Simon Grayson’s short tenure as Sunderland boss was not a happy one.

The former Preston North End boss took charge at the Stadium of Light on June 29 but he was sacked four months later on Halloween night following the 3-3 draw with Bolton Wanderers, a point not enough to convince the club’s hierarchy the dismal form was about to improve anytime soon.

Injuries, a huge turnover of players, a relegation hangover, financial restrictions were all obstacles facing Grayson but there was also question marks over his decisions, tactics and team selections.

Here we assess the key decisions that Grayson got wrong which led to his downfall.

Failing to decide on a No.1

Marc Wilson attempts a clearance for Sunderland.

Marc Wilson attempts a clearance for Sunderland.

Sunderland’s goalkeeping department was revamped - downgraded might be a more accurate phrase - following the sales of Jordan Pickford and Vito Mannone. In came Jason Steele and Robbin Ruiter.

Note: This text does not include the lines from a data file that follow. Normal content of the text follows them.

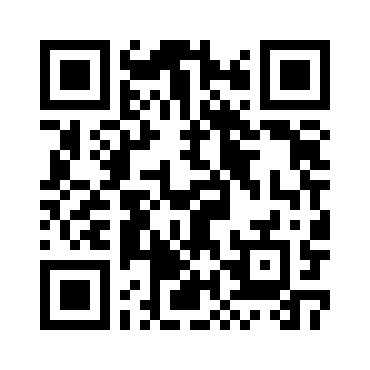 《51漫画》免费视频漫画页面在线看漫画入口2025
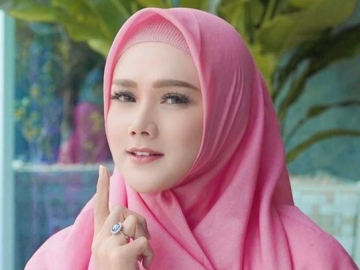 Nama Mulan Jameela Terseret Kasus Investasi Bodong MeMiles, Seruan Syukur Justru Menggema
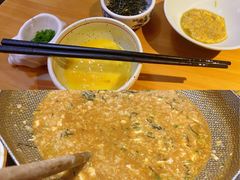 -綱元·海鲜豆捞(明州里店)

Ruiter looked a real find during his trial but neither he or Steele have convinced, Steele’s confidence taking a hammering after jeers from the home support in recent games.

Twice he has been dropped. Ruiter was back in for Bolton and while he commanded his area with more authority he should have done better with Sammy Ameobi’s opening goal.

Ruiter has made seven appearances, Steele 11. Grayson’s tinkering didn’t help an already poor defence. Sunderland needed continuity.

Simon Grayson.

Simon Grayson.

Failing to sort out Sunderland’s defence:

Sunderland have shipped 30 goals, averaging two a game. A shocking stat.

Scoring goals hasn’t been a problem but keeping them out has, Sunderland have looked unorganised with a distinct lack of shape and leadership. They have been neither well drilled or effective.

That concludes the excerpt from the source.